Mrs Sinha Makes Amends by Gargi Mehra

Shortlisted in the Funny Pearls 2020 Short Story Competition


 

One morning the shelves in Mrs. Sinha’s cupboard collapsed. Her husband had, over the course of the past several months, warned her every day of the imminent dangers of jamming clothes into her cupboard without thought for the consequences. But she ignored his words and continued to succumb to the deals that online shopping portals doled out. Just as in a physical store, she would stop at every row and aisle that held up the banner “Buy One Get One Free” or had “20% off!!” splayed across it. She could never avert her eyes from the sale headlines that claimed her attention when she brought her phone to life every morning.

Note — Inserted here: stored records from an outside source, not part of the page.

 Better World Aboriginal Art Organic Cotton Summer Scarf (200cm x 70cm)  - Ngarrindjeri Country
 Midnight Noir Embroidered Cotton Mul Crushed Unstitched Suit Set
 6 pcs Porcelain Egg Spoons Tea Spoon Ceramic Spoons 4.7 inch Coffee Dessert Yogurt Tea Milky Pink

Her fingers flew to the app that rained bargain deals on clothes, electronics and other what-have-you. Why was Mr. Sinha complaining? She routinely picked up discounted items for him too. Only the other day, she had gifted him a branded electronic hair-trimmer for under a thousand rupees. It didn’t leave his jawline as sparkly clean-shaven as the model in the advertisement, though. She did have an irrepressible urge to grab a pair of shears and chop off the hair that sprouted from his ears, much in the manner of branches stretching out from the tree they belonged to.

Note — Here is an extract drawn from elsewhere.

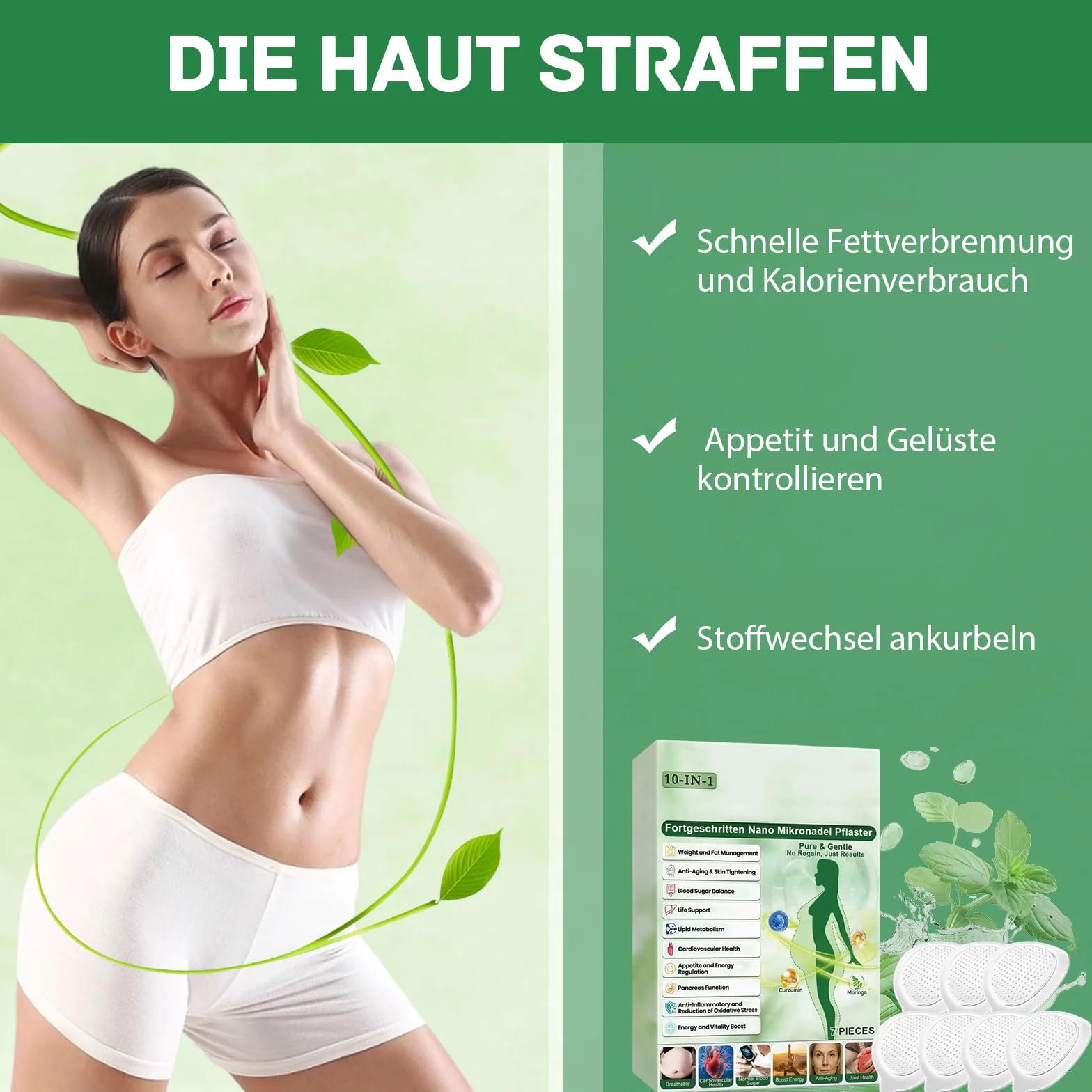Moringa 10 w 1 Nano Patch plaster na odchudzanie kosmetyczny do pielęgnacji ciała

Nevertheless, Mr. Sinha grasped the opportunity to rail on her. He abhorred the way she frittered away her modest income on clothes and trinkets every month. Look at him – he could go years without purchasing new shirts and trousers. Even when he bent to her will and bought one or two, he carefully preserved them in his cupboard. There they remained in their original packaging for later use, so that when the time came, the shirts sparkled and the trousers shone uncreased.

Mrs. Sinha protested that it was her income she squandered, not his. His miserly qualities only meant that he threw on clothes that were three years past their expiry date.

Mr. Sinha bristled. Clothes did not come with an expiry date like bread and frozen meat. They did not acquire a fuzzy layer of fungus like yoghurt. One could buy clothes at the turn of the millennium and wear them a decade later, without the items showing any sign of wear and tear.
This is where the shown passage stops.